Weather and Art Report from Iceland

Weather and Art Report from Iceland

I landed in Iceland with WOW-Air. The captain announced that we arrived twenty minutes ahead of time.

In the WOW-Air magazine they warned tourists not to write their name in moss and not to hunt sheep. 

It was the end of September and 11 degrees in Iceland. “It’s still two digits kind of weather,” it was said to me optimistically. 

The weather was stormy. It was Irma but somebody told me that in Iceland they’re always at the end of the hurricane. 

For the first time, a cocktail party was thrown in my honor, as a visiting curator from Berlin. It was from 5 till 7pm on a Saturday, a perfect timing to transition into the evening. We had wonderful stirred dry martinis, followed by sushi, and we finished it off with whipped cream. 




“It’s magic mushroom time,” so an artist at the party: “If you see some young people covered with hoodies next to the road, that’s what they're searching for.” 

Finally I made it to the Blue Lagoon. Blue Lagoon employees took a picture of me while swimming. It was a free service and they asked my permission to do so, but I hope they’ll never release the photo publicly because I look like a red shrimp in blue water. 

I was standing outside in the rain waiting for the bus to the Blue Lagoon. Other people followed my example. “You’re a natural leader!” somebody told me. That kind of made me feel proud. 
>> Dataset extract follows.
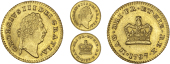 George III (1760-1820), Pre-1816 issues, Third-Guinea, 1797, first bust (MCE 449; S 3738). A few minor surface marks...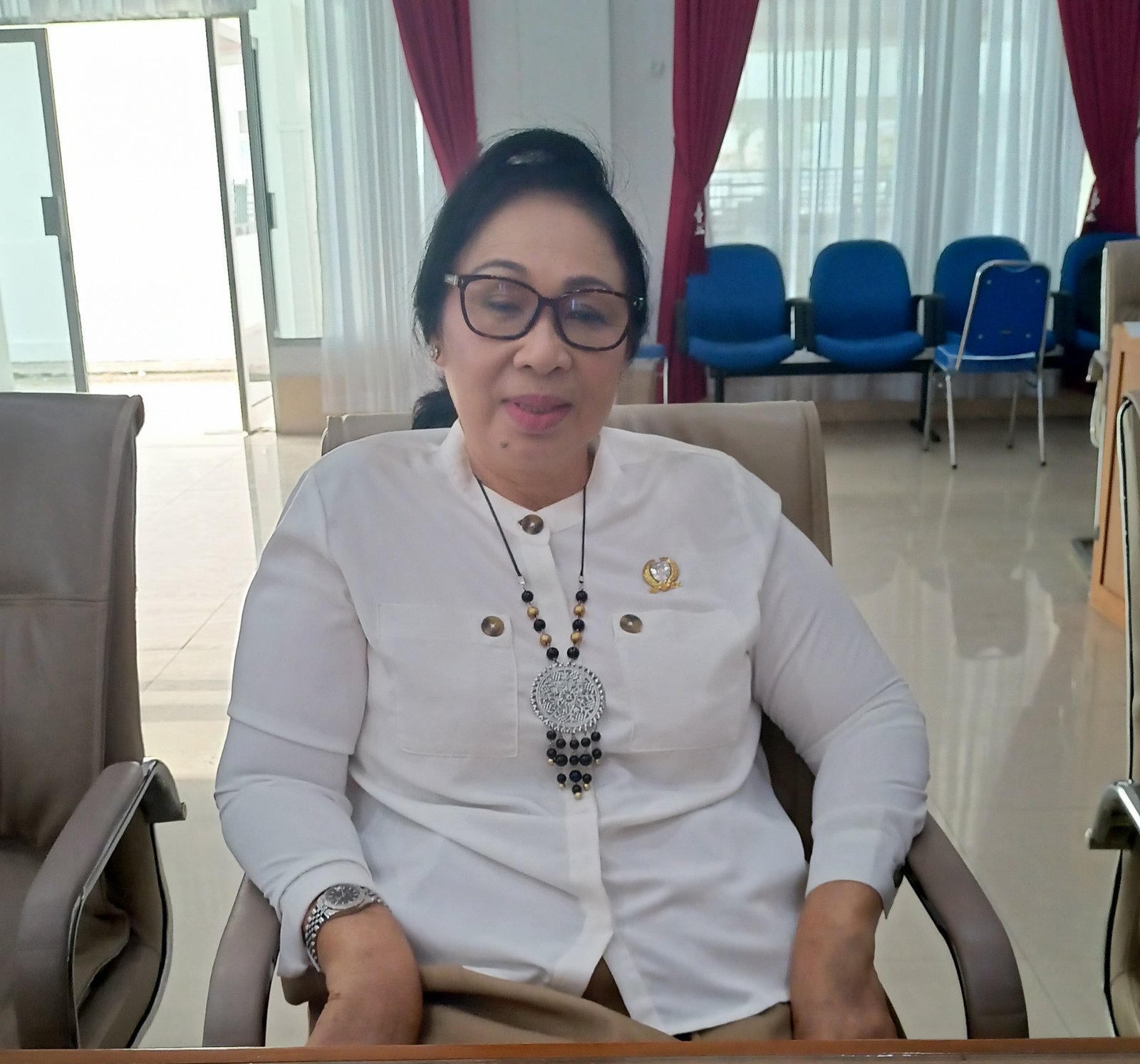 DPRD Barsel Dorong MPA Diperkuat, Jadi Garda Terdepan Cegah Karhutla IMG 20260904 101854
Magnús Pálsson told me about an art work he had once made with key holes. It had been a long time ago and he couldn’t remember what they had been for. Finally, we figured out that ghosts use keyholes to move from one space to another. 
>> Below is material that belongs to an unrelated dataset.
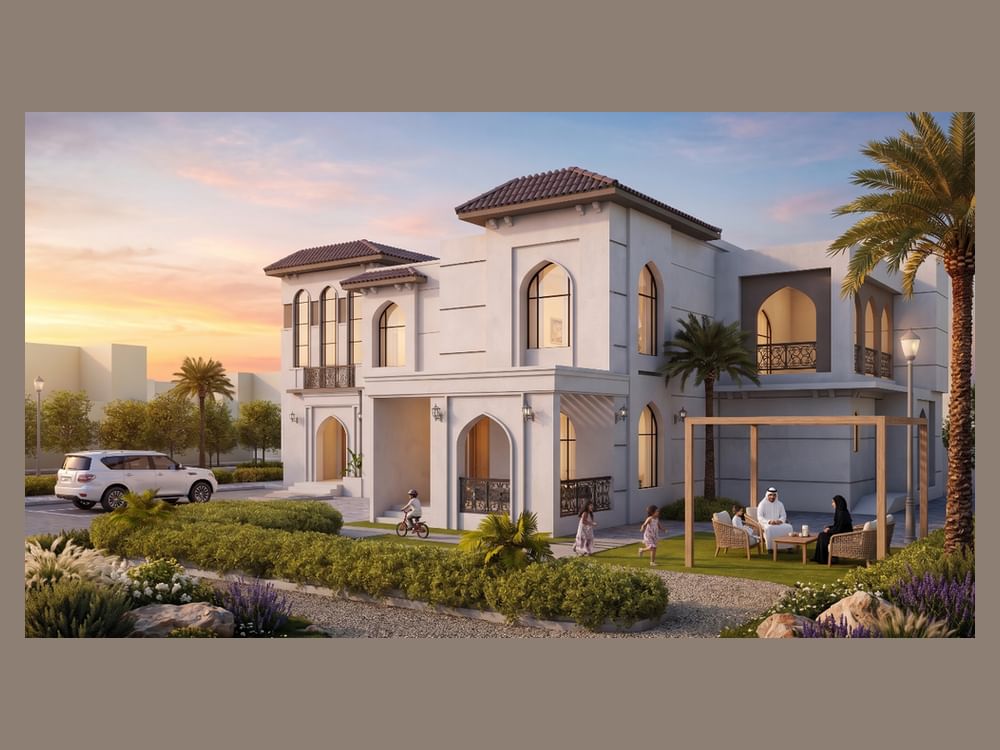 "أبوظبي للإسكان" تعلن بدء حجز و بيع 1,500 وحدة سكنية في مشروع غرب بني ياس السكني  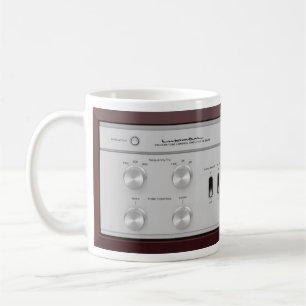 Luxman CL-38uSE Kaffeetasse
“Well, you know about fish,” my hostess told me while getting ready to cook.

They serve free coffee at the Reykjavik Contemporary Art Museum. The coffee is always excellent in Iceland. At the museum you can sip your coffee with a view on the harbour  It almost helped me to recuperate from the overdose of melancholy that artist Ragnar Kjartansson purposefully served us, wasn’t it for the rainbow that suddenly appeared. 




I went to see the newly renovated Marshall building for art spaces. Olafur Eliasson is also settled there, but his space is easy to avoid. Mylo, the Living Art Museum, is on the first floor and Kling og bang gallery on the second. A collective made an interactive show about Thomas Mann Magic Mountain at Mylo and at Kling og Bang there was a discussion about the ongoing shows of Emily Wardill and Jóhannes Atli Hinriksson. I always feel that the Icelandic art community is more out of the box, not minding so much putting each other in categories. You can move from this to that and try it out, whereas in Berlin it seems like you have to stay in your lane.




I was reading Magnús Pálsson's catalogue, which has a great interview with the artist. Here just a few of its pearls:

Do you believe in the ida that every bit of information is present everywhere and can be tapped even in a secluded situation?

"There is this huge bank of information that you can have access to and, yes, even more if you are isolated. No i shouldn't say that - but it's your antenna that counts." 

Maybe you just have to keep an area of yourself where there are no likes and no dislikes, a bigger area.

"You always have to try to eliminate taste, and that creates these surprises and distasteful things."

[...] It [art] keeps us  .... basically it keeps us occupied, it keeps us out of mischief and in that sense it is very good, it keeps our minds on things that are healthy for us.

Do you really believe in this?

"I don't believe in it."

Do you think that going beyond the bounds of taste has become stronger in later works?

"I think it's been there all along. I would like to be more terrible than I am. I would like to be terrible and distasteful and drunk and banal, but I don't quite know how to handle it. I would like to imitate folk art, this attitude of loving art, of non-ambition and just the pure love of creating art."

You are so good at having an office and keeping it orderly, you have some sensitivity related to the post office.

"I often call myself an office artist."